Cet écœurant monument de racisme et de haine des femmes datant de 1967, dans lequel Iceberg Slim se vautre avec une insoutenable auto-complaisance, est tristement devenu culte. Petit manuel du parfait mac, il est récité par des batelées de tarés dans les universités nord-américaines et révéré par des seaux de rappeurs-commandeurs acharnés à glorifier leur vomitatoire animalisation des femmes. On trouve là l’une des origines de la morale de maquereau importée des États-Unis (avec son slogan phare : pétasse) qui a tout d’abord contaminé la production musicale avant d’infecter les marmailles d’aujourd’hui.
« – Écoute bien, pétasse, répondis-je, même quand ton cul merdeux sera mort et enterré, tu seras toujours une pute. Un de ces quatre matins, tu vas casser ta pipe et je te tirerai ma révérence en t’appelant la Demi-portion des cimetières. Je le sais bien, connasse, que tu es un être humain. Tu es un être humain tout noir qui sert de poubelle à ces connards de Blancs pour qu’ils puissent se vider les couilles. »

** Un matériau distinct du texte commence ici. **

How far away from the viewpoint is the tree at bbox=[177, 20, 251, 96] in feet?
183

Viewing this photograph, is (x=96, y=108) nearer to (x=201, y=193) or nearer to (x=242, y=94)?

Sans commentaire. D’autant que les choix de traduction de ces sinistres mémoires de mac édulcorent le propos. Car non, dans ce contexte, le récurent kick her ass, leitmotiv de l’auteur à propos des femmes qu’il esclavagise, revenant toutes les 2 pages jusqu’à la nausée, ne signifie pas lui botter le cul ! Pourquoi ne pas traduire par : la défoncer, l’éclater, ou encore la déchirer, ou lui foutre une trempe ? Imagine-t-on les nuées de malfaisants du Gangsta Rap scander : Je vais te botter le cul ? Ou encore, à propos de cocaïne : Ce truc, ça botte le cul ? Non-sens !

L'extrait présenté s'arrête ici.